單獨給鮑思燕寫了迴信後,衛圖起身,準備前往車公偉的洞府,上門拜訪車公偉。


    符道傳承之事,車公偉已經答應,他於情於理,也該主動上門跑一趟,而不是坐在家中,等車公偉這個師父前來授課。


    剛從後院洞府走出。


    在前院的女管家“杜文淑”便迎了上來,屈身一禮,雙手遞給了衛圖一個玉匣。


    “衛真君,這是最近一月內,您的信件。”


    杜文淑柔聲道。


    信件,分為符信和普通信件。


    前者,可以自動發往固定的地點,無需驛站,適合短距離交流。


    後者,需要固定的驛站與人員送信,適合遠距離交流。


    先前衛圖看的鮑思燕和車公偉的迴信,便是符信。這些符信沒有經過杜文淑之手,便直接送至到了他的洞府門口了。


    此時杜文淑手中玉匣內的信件,便是普通信件,由驛站整理,送到他的府邸,繼而被其所接收。

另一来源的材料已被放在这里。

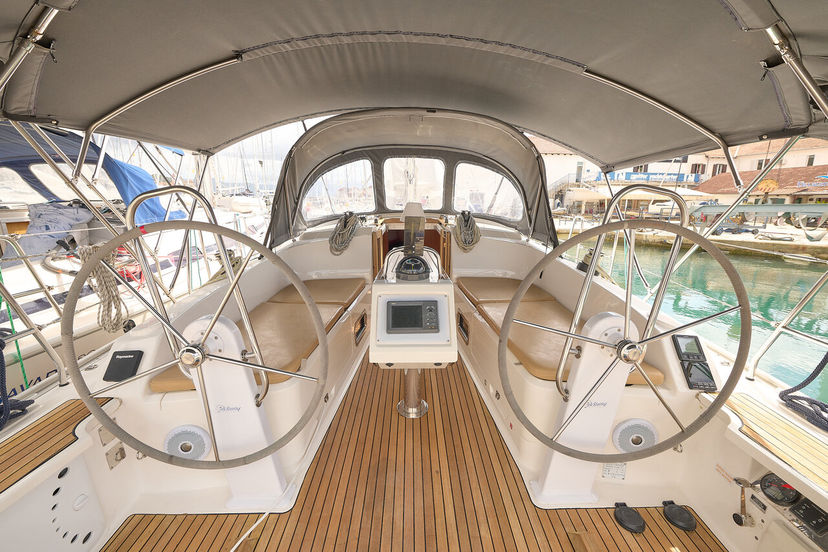 Bavaria Yachtbau 37 Toni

    “好。”衛圖微微頷首,一甩大袖,將玉匣攝入袖中,然後提步離開了府邸。


    普通信件,經手的人多,保密性差,所以內容上,往往不涉及秘事、要事。


    因此,衛圖此時沒必要第一時間查看信件,忙完後,再去查看也不遲。


    若是真有秘事、要事相商,遠距離的話,大多修士會親自趕至,麵對麵交談,以防止泄密。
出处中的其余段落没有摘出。